Employees Who are Being Retaliated Against or Discriminated Against by Their Employers Must Be Cautious in Preserving Records for Litigation
When an employee is being harassed or disciplined in his employment as a result of discrimination or retaliation for the employee’s objections to illegal conduct, there are multiple laws which may provide relief to the employee. These include, for instance, New Jersey’s Law Against Discrimination (the “LAD”) and New Jersey’s Conscientious Employee Protection Act (“CEPA,” also known as the “Whistleblower Law.”)
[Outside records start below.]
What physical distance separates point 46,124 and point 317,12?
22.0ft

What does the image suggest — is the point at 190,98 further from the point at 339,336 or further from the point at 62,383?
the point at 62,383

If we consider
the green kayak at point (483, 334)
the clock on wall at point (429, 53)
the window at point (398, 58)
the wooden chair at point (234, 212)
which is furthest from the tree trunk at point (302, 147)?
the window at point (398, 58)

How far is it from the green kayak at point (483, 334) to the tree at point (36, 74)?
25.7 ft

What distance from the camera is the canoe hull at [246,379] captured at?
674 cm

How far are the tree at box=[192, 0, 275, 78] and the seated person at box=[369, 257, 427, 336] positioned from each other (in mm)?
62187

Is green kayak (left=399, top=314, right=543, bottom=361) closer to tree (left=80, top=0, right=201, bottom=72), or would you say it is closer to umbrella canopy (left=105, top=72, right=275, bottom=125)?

Both Acts may allow the employee to bring a lawsuit against the employer for a wrongful termination or other adverse employment action (i.e. demotion), as well as harassment. When an employer is wrongfully disciplining or retaliating against an employee, it is important for the employee to preserve and maintain records of the wrongful conduct of the employer in order to support her claim that she suffered a wrongful employment action. However, employees need to be cautious in what records they preserve and how they preserve those records.
In the case of Quinlan v. Curtiss Wright Corporation Joyce Quinlan believed that as a result of gender discrimination, her employer had passed her over for a promotion. She then began copying confidential human resources files which she believed supported her claim that she was being discriminated against and she produced the copies in the course of discovery during litigation. The employer later fired her for “taking” the records (while litigation was ongoing). Quinlan then amended her complaint to include the claim that she was retaliated against for essentially participating in the LAD suit against the employer. The Law Against Discrimination not only prohibits employment discrimination on the basis of a protected classification (gender, nationality, religion, race, etc.), but it also prohibits retaliation against a person for opposing discrimination, filing a discrimination complaint, or participating in a LAD proceeding.